Advanced Delta-Lake related tooling based on Apache Spark
Reason this release was yanked:
sorry folks, this is the only time this will happen, promise.
Project description
Hydro
Hydro is a collection of Apache Spark and Linux Foundation Delta Lake related tooling.
Usage
DeltaTable full schema
Sometimes you need to get a delta table's fields. All of them.
Spark lets you do this, but only gives you the top-level fields. Real life data is often more complicated and nested.
hydro.fields
gives us what we need.
data = """
{
"isbn":"0-942299-79-5",
"title":"The Society of the Spectacle",
"author":{
"first_name":"Guy",
"last_name":"Debord"
},
"published_year":1967,
"pages":154,
"language":"French"
}
"""
# write `data` to delta table and define it as `delta_table`
better_fieldnames = hydro.fields(delta_table)
print(better_fieldnames)
results in
['author.first_name', 'author.last_name', 'isbn', 'language', 'pages', 'published_year', 'title']
which is much better than what Spark gives us.
DeltaTable detail
You can get high-level information about a Delta Lake table by using the describe
command. The issue with this is that the command was built for machines, not humans.

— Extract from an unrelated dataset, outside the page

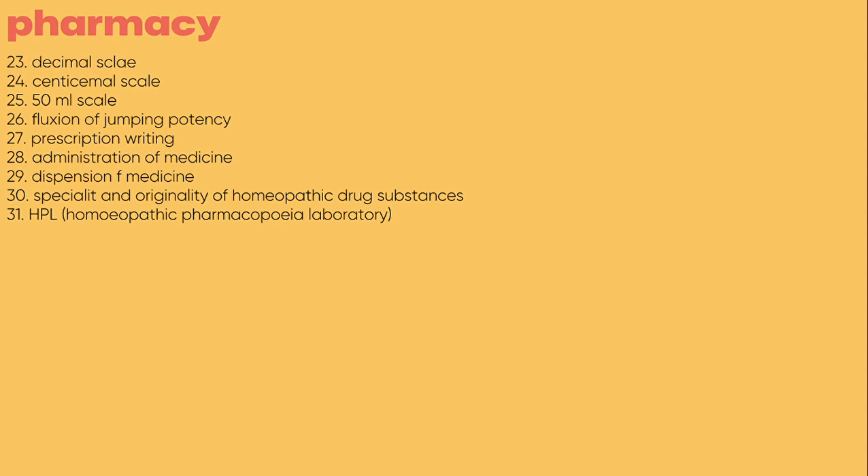How can you purchase the notes? After feedback from students who said they couldn't afford high prices, I have kept the amount as low as possible. For this particular homeopathic pharmacy set — 31 topics — you can pay just 199 rupees to buy all the notes.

Hydro provides a simple wrapper that makes the output more readable for humans:
delta_table = DeltaTable(spark, path)
hydro.detail(delta_table)
results in something like
{
'createdAt': datetime.datetime(2023, 1, 4, 16, 0, 35, 328000),
'description': None,
'format': 'delta',
'id': '8f5fa9f2-fd74-49de-afb6-d6e19d219838',
'lastModified': datetime.datetime(2023, 1, 4, 16, 0, 52, 755000),
'location': 'proto:/path/to/delta/table',
'minReaderVersion': 1,
'minWriterVersion': 2,
'name': None,
'numFiles': '1,000',
'partitionColumns': [],
'properties': {},
'size': '523.39 KiB'
}
Contributions
Contributions are welcome.
Naming
Originally this project was going to be hydrologist
but that's way too long and pretentious so we shortened to hydro
.
A hydrologist is a person who studies water and its movement. Delta Lake, Data Lake, Lakehouse => water.
Philosophy
Minimalism in almost everything.
Break the rules if the rules are not justified.
Openness above all.